**YOUR ASSIGNMENT**
Of the entries below, return only those lines from the line with "Rirandture（リラン" to the line with "FK16 Wireless Lapel", exactly, both included.

**PROVIDED DATA**
________________________
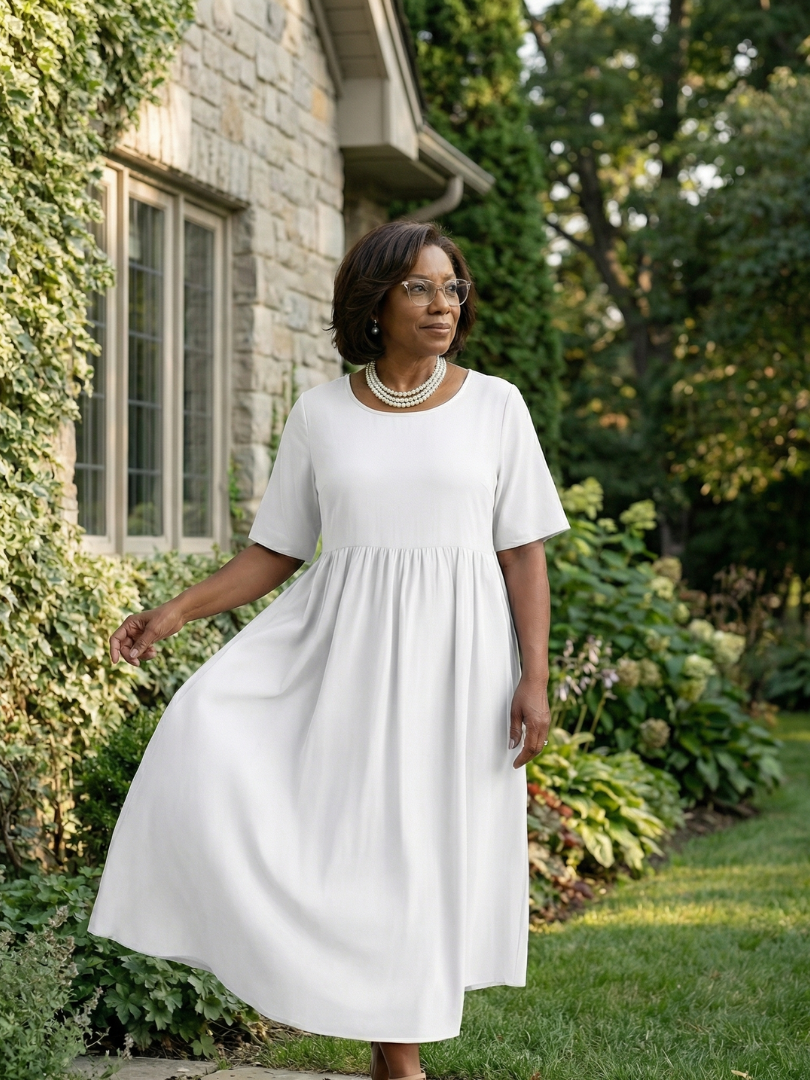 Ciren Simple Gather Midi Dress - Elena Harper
________________________
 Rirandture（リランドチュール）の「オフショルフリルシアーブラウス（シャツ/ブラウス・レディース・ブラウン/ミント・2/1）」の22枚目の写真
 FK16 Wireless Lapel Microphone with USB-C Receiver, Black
________________________
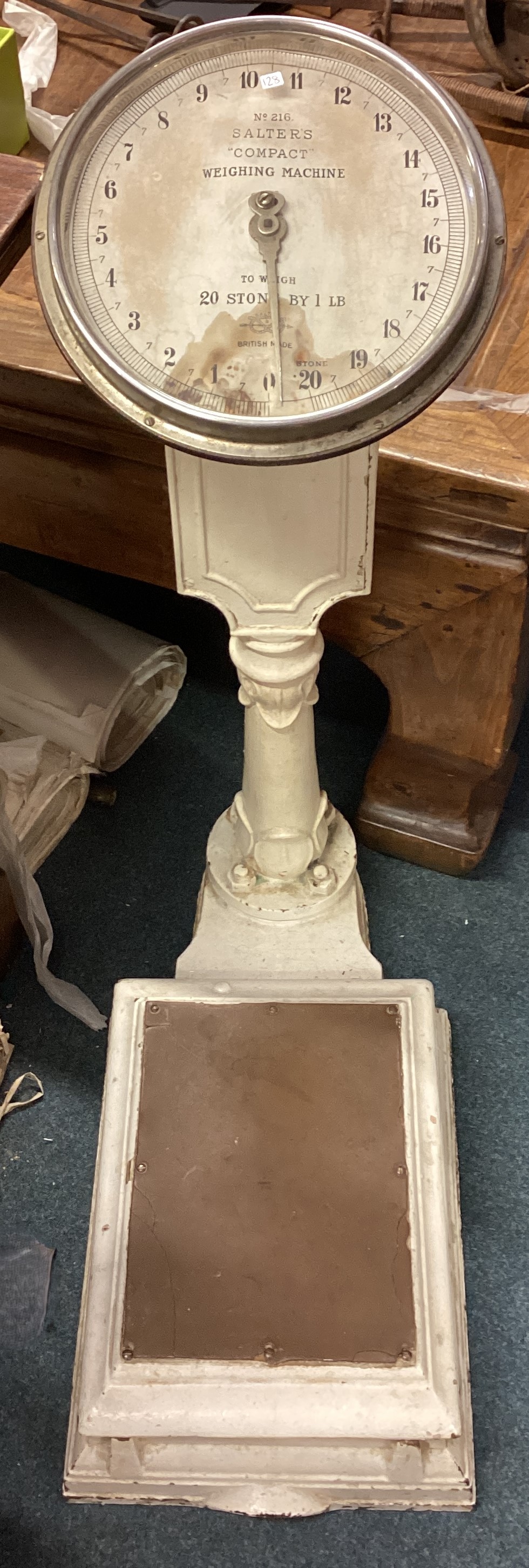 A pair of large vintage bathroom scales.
________________________
**OUTPUT BELOW**
 Rirandture（リランドチュール）の「オフショルフリルシアーブラウス（シャツ/ブラウス・レディース・ブラウン/ミント・2/1）」の22枚目の写真
 FK16 Wireless Lapel Microphone with USB-C Receiver, Black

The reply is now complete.